Action item
Among the lines below, a stretch begins at the one with "Neosmuk Magnetic Hooks, Cruise" and ends at the one with "map of restaurants, bars, coffee". Repeat that stretch exactly, ends included.

----------------

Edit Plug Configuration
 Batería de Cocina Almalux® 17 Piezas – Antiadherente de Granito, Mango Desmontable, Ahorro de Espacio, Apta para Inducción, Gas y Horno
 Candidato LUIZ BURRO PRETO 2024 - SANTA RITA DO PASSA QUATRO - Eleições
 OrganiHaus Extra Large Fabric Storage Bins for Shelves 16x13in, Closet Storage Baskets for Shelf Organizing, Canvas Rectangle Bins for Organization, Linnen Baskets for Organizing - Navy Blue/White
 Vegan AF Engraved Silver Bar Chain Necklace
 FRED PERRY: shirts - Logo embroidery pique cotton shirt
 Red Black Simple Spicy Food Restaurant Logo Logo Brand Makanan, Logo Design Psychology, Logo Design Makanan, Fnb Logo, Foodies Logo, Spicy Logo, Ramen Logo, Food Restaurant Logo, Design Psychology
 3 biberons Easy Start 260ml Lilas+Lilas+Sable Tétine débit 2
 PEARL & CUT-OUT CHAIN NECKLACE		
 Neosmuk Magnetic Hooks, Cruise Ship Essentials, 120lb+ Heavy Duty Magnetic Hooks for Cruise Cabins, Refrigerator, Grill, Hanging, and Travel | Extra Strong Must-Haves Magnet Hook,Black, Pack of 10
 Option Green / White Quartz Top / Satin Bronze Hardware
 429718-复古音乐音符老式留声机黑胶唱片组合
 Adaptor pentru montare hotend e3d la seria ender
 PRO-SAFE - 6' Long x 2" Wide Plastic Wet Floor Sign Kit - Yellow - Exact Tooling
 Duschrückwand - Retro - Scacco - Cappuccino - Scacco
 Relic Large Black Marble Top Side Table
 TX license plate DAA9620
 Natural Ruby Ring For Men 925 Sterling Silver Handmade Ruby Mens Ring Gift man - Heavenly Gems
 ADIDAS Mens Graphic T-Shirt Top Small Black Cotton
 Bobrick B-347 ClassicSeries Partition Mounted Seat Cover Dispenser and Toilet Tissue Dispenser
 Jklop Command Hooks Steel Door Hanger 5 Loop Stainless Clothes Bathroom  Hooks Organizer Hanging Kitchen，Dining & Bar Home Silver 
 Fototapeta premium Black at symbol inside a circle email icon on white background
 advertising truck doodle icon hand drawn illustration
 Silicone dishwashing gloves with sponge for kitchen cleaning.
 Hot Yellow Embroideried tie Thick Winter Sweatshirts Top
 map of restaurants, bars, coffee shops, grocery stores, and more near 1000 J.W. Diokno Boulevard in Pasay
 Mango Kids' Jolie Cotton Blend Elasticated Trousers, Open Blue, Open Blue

----------------

Answer box
 Neosmuk Magnetic Hooks, Cruise Ship Essentials, 120lb+ Heavy Duty Magnetic Hooks for Cruise Cabins, Refrigerator, Grill, Hanging, and Travel | Extra Strong Must-Haves Magnet Hook,Black, Pack of 10
 Option Green / White Quartz Top / Satin Bronze Hardware
 429718-复古音乐音符老式留声机黑胶唱片组合
 Adaptor pentru montare hotend e3d la seria ender
 PRO-SAFE - 6' Long x 2" Wide Plastic Wet Floor Sign Kit - Yellow - Exact Tooling
 Duschrückwand - Retro - Scacco - Cappuccino - Scacco
 Relic Large Black Marble Top Side Table
 TX license plate DAA9620
 Natural Ruby Ring For Men 925 Sterling Silver Handmade Ruby Mens Ring Gift man - Heavenly Gems
 ADIDAS Mens Graphic T-Shirt Top Small Black Cotton
 Bobrick B-347 ClassicSeries Partition Mounted Seat Cover Dispenser and Toilet Tissue Dispenser
 Jklop Command Hooks Steel Door Hanger 5 Loop Stainless Clothes Bathroom  Hooks Organizer Hanging Kitchen，Dining & Bar Home Silver 
 Fototapeta premium Black at symbol inside a circle email icon on white background
 advertising truck doodle icon hand drawn illustration
 Silicone dishwashing gloves with sponge for kitchen cleaning.
 Hot Yellow Embroideried tie Thick Winter Sweatshirts Top
 map of restaurants, bars, coffee shops, grocery stores, and more near 1000 J.W. Diokno Boulevard in Pasay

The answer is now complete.